All,
In the Toolchain Working Group Mans has been doing some examination of SPEC 2000 and SPEC 2006 to see what C Library (glibc) routines impact performance the most, and are worth tuning.
This has come up with two areas we consider worthy of further investigation: 1) malloc performance 2) Floating-point rounding functions.
This email is interested with the first of these.
Analysis of malloc shows large amounts of time is spent in executing synchronization primitives even when the program under test is single-threaded.
The obvious 'fix' is to remove the synchronization primitives which will give a performance boost.
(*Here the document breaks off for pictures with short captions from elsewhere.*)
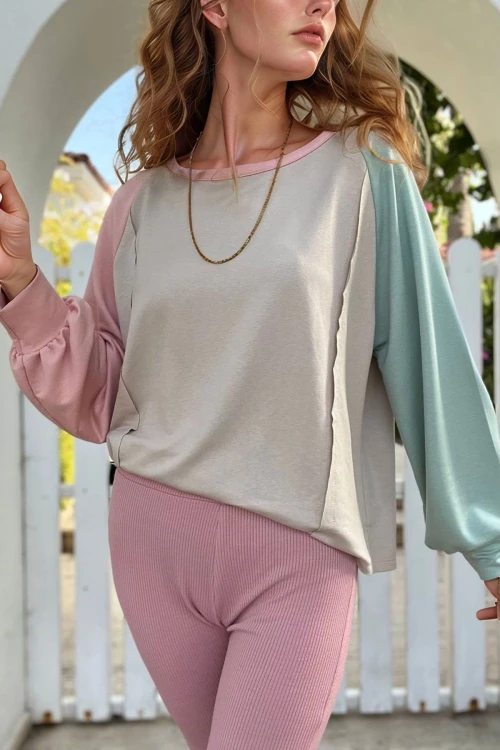 Bej Raglan Kol Dikiş Detaylı Kayık Yaka Color Block Sweatshirt BCBSK-25700-3472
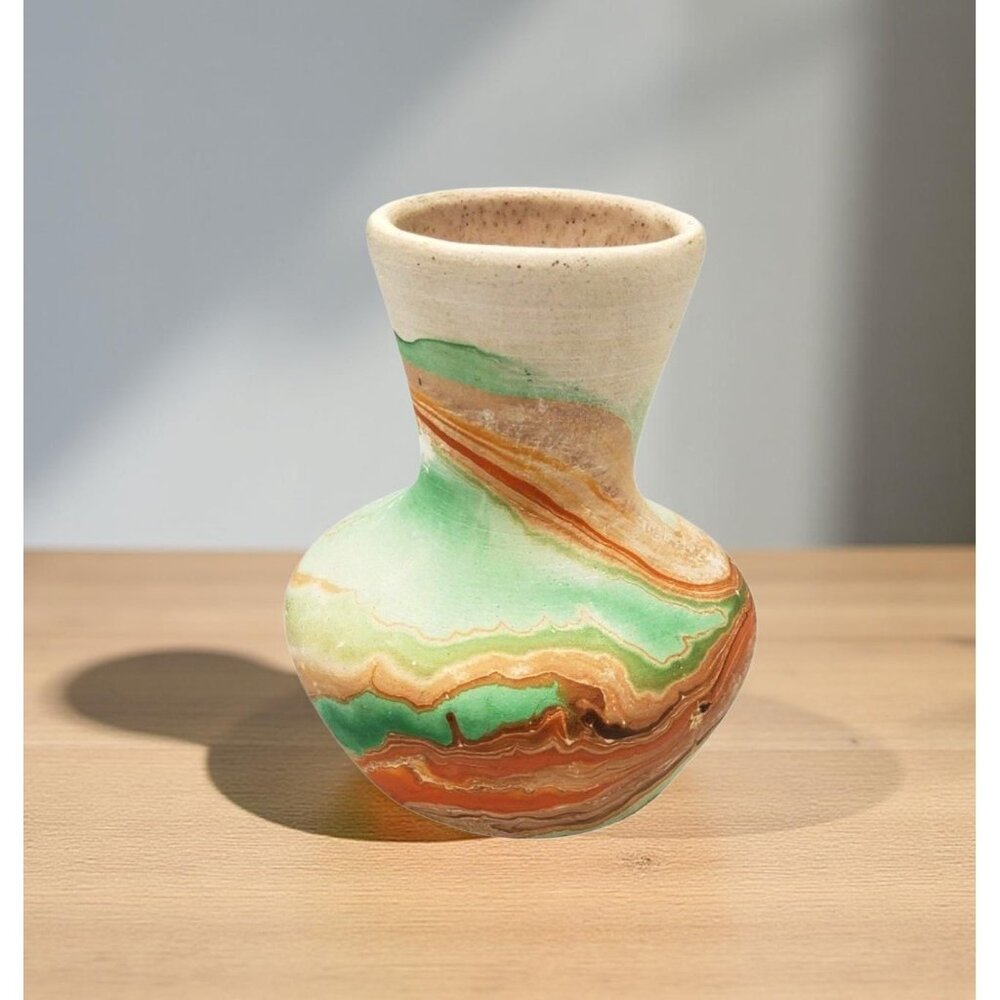 vintage nemadji native clay pottery small vase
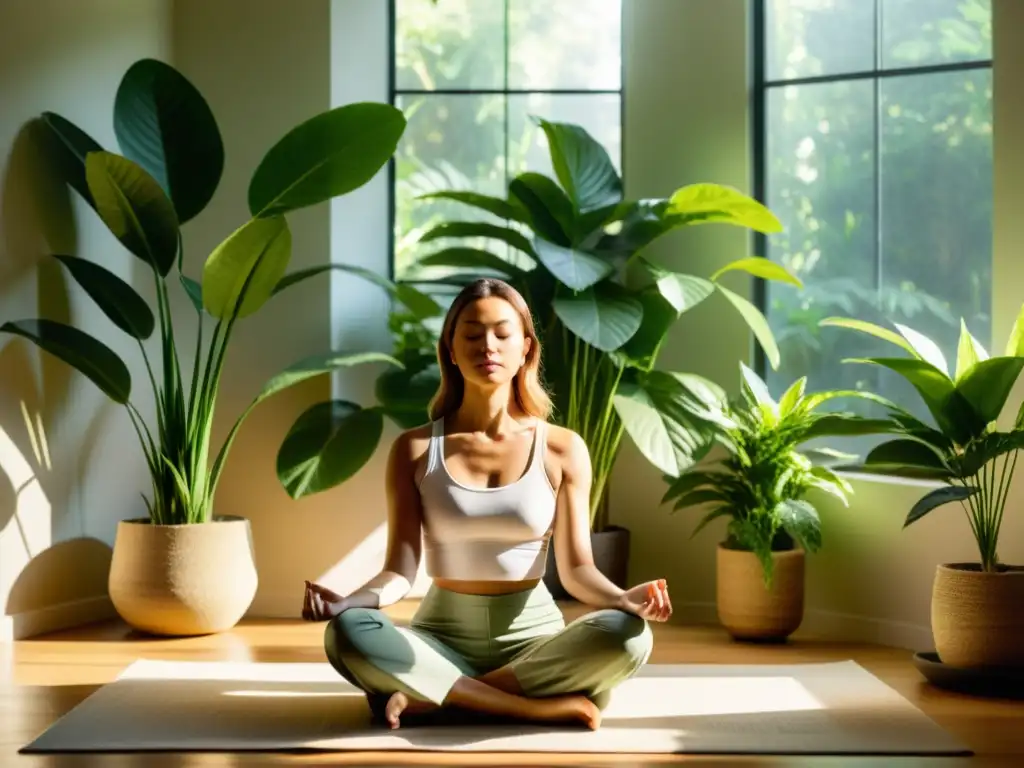 Serena meditación entre plantas verdes Una mujer medita en un espacio tranquilo, iluminado por el sol, rodeada de plantas verdes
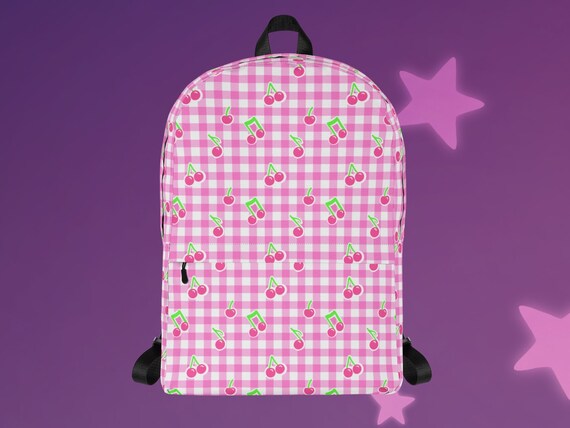 Cherry or Music Notes Gingham Backpack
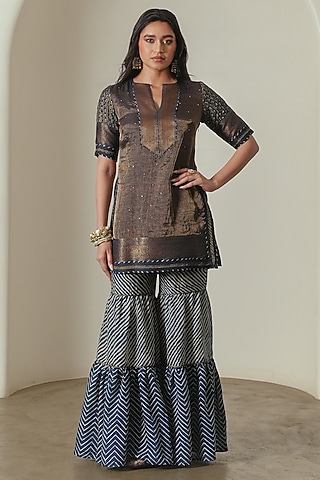 Indigo Viscose Silk Printed Sharara by Neither Nor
This is, of course, not safe and will require reworking malloc's algorithms to be (substantially) synchronization free.
A quick Google suggests that there are better performing algorithms available (TCMalloc, Lockless, Hoard, &c), and so changing glibc's algorithm is something well worth investigating.
Currently we see around 4.37% of time being spent in libc for the whole of SPEC CPU 2006. Around 75% of that is in malloc related functions (so about 3.1% of the total). One benchmark however spends around 20% of its time in malloc. So overall we are looking at maybe 1% improvement in the SPEC 2006 score, which is not large given the amount of effort I estimate this is going to require (as we have to convince the community we have made everyone's life better).
So before we go any further I would like to see what the view of LEG is about a better malloc. My questions boil down to:
* Is malloc important - or do server applications just implement their own? * Do you have any benchmarks that stress malloc and would provide us with some more data points?
But any and all comments on the subject are welcome.
Thanks,
Matt